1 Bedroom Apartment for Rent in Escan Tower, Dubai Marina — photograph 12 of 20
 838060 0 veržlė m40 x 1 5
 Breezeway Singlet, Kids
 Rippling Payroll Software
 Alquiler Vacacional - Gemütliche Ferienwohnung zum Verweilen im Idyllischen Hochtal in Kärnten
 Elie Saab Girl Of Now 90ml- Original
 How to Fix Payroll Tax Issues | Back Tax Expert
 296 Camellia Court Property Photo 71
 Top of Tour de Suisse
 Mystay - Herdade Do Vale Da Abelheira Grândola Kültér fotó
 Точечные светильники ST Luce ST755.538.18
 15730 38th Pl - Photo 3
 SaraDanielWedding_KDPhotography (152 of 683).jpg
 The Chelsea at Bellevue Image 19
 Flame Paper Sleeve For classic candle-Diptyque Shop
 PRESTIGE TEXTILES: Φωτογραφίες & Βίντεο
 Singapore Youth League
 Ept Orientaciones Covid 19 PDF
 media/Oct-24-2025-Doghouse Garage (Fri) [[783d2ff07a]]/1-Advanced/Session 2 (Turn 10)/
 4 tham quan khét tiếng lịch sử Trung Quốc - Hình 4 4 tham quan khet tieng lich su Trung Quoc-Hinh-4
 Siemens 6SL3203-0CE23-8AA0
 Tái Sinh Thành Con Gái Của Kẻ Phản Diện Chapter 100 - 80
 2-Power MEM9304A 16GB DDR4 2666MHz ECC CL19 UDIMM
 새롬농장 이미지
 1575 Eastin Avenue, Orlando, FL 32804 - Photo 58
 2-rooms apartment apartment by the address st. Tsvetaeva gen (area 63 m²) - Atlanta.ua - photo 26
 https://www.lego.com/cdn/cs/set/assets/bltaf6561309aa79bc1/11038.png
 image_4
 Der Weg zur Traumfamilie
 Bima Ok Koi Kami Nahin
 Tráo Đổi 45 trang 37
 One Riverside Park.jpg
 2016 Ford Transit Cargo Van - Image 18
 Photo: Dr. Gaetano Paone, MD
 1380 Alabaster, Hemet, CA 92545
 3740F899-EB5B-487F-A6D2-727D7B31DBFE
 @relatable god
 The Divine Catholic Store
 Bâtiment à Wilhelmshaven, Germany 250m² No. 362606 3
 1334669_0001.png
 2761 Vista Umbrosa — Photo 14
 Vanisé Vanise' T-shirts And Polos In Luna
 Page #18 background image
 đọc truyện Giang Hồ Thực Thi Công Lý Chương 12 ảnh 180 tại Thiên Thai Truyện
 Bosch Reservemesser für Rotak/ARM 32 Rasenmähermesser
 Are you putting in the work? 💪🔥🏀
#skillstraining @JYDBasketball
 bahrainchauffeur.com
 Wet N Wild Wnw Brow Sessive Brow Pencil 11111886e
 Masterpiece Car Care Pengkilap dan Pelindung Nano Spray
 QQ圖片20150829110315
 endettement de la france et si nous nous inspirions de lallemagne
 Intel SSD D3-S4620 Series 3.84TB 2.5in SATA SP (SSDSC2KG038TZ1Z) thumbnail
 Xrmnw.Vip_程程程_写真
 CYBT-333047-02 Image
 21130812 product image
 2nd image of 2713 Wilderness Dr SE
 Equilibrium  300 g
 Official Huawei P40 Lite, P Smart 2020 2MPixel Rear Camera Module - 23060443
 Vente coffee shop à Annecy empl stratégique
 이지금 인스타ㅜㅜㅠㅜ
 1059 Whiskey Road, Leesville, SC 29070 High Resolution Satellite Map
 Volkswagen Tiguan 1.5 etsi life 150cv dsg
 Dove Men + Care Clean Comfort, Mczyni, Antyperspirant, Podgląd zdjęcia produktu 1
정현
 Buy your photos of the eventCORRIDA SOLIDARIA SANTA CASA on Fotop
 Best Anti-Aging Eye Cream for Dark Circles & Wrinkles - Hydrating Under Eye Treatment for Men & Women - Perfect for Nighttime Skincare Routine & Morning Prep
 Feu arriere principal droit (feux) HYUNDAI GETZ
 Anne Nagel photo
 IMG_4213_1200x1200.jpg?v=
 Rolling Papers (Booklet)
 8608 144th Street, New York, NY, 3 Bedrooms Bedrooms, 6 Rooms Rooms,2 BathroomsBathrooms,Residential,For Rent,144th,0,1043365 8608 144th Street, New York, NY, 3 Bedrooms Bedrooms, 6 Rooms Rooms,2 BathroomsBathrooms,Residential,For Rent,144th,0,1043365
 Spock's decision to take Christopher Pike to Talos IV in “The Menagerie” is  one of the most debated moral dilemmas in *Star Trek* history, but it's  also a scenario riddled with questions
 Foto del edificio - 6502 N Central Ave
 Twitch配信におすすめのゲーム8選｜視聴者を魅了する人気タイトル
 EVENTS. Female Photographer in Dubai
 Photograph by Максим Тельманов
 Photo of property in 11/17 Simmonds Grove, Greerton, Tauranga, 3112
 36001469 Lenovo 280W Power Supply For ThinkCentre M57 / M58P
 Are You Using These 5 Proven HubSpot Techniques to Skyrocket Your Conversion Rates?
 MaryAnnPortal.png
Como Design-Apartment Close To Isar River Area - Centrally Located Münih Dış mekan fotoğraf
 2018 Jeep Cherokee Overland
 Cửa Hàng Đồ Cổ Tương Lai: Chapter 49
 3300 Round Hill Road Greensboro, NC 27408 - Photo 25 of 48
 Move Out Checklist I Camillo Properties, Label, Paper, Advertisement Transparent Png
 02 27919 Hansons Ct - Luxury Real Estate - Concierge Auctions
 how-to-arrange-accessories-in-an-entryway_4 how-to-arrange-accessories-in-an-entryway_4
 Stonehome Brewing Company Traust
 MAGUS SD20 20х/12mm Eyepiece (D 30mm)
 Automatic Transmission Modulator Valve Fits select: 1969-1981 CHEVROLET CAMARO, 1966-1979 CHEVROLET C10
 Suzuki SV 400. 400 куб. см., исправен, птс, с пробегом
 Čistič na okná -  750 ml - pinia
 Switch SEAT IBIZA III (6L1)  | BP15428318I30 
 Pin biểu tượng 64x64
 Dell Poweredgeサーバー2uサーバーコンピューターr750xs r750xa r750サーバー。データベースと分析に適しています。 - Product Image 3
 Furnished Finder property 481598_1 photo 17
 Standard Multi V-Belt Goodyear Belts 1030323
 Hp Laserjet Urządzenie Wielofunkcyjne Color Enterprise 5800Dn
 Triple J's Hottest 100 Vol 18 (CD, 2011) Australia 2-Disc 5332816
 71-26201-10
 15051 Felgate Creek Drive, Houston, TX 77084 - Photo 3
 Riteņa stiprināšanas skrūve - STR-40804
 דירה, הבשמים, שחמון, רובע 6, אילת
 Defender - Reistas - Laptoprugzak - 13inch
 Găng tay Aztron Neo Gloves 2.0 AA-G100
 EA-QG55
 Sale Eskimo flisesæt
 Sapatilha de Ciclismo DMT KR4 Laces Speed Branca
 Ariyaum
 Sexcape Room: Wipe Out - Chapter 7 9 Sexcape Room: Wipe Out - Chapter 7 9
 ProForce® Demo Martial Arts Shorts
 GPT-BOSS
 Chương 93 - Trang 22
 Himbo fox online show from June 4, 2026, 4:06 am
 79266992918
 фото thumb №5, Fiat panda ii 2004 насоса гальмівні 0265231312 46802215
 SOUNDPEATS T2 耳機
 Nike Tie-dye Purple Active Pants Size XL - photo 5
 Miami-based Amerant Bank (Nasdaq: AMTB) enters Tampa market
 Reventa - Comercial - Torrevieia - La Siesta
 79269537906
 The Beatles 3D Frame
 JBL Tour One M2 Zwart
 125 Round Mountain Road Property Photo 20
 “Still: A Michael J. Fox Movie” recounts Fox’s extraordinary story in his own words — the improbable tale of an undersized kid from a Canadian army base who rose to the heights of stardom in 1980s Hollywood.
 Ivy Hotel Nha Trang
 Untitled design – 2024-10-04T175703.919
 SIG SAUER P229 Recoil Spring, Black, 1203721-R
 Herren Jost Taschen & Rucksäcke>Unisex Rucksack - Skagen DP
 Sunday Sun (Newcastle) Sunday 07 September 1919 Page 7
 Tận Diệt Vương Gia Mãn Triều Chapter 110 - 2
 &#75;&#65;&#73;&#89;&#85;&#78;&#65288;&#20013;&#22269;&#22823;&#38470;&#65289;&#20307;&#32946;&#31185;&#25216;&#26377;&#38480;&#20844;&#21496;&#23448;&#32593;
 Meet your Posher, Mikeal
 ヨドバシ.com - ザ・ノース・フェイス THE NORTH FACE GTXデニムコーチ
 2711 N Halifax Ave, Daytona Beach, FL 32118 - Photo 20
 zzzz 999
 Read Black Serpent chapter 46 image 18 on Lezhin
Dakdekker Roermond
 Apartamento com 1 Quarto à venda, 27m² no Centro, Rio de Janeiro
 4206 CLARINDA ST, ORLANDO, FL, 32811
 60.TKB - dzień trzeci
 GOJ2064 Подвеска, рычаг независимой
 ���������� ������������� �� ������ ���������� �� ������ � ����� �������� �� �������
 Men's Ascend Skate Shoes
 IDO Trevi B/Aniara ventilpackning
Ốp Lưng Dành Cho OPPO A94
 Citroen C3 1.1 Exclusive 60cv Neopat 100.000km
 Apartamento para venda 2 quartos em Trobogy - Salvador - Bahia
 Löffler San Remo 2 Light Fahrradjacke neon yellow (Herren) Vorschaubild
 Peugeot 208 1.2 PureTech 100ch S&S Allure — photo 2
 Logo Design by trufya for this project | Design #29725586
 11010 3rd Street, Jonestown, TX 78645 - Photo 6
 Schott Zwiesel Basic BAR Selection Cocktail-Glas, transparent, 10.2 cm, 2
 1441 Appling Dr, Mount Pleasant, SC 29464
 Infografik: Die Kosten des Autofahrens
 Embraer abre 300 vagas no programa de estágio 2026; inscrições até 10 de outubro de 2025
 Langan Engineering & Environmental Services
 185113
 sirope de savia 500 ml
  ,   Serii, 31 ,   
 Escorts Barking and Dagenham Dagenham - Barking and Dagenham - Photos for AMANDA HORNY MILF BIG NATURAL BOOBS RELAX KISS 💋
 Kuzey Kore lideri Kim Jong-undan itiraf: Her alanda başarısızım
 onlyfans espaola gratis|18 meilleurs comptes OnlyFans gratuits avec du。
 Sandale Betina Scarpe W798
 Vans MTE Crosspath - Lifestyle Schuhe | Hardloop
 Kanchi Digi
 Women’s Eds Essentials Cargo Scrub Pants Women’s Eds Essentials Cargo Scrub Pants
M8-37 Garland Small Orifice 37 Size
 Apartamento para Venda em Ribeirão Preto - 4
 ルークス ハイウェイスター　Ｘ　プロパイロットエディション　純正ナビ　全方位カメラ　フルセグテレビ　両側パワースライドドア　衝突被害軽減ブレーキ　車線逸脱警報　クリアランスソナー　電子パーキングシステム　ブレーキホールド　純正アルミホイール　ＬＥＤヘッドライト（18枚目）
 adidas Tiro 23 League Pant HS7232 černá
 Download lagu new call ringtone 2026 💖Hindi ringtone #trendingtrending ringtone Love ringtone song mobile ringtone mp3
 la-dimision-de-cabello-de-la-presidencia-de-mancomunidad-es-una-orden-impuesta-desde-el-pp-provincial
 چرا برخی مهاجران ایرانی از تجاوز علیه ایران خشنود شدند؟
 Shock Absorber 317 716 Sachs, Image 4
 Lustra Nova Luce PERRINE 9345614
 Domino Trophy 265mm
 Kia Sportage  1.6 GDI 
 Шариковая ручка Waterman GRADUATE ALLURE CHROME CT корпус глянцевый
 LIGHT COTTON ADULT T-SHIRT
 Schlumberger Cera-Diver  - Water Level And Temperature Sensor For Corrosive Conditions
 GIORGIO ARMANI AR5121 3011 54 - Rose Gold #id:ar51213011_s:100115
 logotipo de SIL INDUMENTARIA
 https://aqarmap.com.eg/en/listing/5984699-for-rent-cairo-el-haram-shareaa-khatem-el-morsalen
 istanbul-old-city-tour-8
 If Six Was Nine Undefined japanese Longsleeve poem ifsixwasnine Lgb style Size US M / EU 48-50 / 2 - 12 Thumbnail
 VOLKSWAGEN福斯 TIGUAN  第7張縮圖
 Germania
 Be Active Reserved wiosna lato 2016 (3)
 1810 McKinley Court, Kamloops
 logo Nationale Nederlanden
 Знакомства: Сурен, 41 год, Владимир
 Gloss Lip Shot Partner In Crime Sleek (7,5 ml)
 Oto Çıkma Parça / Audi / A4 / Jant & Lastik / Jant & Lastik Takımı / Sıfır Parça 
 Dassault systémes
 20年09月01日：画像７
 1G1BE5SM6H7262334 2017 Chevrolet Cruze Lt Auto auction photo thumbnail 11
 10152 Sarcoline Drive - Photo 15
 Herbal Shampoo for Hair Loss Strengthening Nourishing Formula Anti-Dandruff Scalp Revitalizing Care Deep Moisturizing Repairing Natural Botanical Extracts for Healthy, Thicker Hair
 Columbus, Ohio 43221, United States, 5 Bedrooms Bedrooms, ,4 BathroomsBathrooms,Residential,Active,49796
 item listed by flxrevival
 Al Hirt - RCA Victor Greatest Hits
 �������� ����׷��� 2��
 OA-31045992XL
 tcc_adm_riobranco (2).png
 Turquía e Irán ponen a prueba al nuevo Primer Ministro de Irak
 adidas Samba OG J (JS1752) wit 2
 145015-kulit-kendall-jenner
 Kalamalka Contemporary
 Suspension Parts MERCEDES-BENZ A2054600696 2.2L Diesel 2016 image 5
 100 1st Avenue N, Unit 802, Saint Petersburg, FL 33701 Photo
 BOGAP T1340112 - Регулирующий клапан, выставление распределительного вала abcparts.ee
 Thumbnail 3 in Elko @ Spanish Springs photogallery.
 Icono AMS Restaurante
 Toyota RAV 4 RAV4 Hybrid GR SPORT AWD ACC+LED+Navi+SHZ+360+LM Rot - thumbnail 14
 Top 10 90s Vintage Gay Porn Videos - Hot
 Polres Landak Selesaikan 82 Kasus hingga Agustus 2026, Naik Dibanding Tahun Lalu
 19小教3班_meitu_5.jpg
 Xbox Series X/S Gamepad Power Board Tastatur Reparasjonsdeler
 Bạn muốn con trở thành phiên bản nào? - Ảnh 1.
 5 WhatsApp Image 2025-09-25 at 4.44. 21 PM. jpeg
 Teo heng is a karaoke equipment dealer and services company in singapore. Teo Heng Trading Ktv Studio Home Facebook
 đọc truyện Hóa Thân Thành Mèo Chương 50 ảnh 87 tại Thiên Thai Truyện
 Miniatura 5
• • •
→ EXERCISE:
Wherever the word "Black" turns up in a line of the entries above, copy that line.

→ RESPONSE AREA:
 SIG SAUER P229 Recoil Spring, Black, 1203721-R
 Read Black Serpent chapter 46 image 18 on Lezhin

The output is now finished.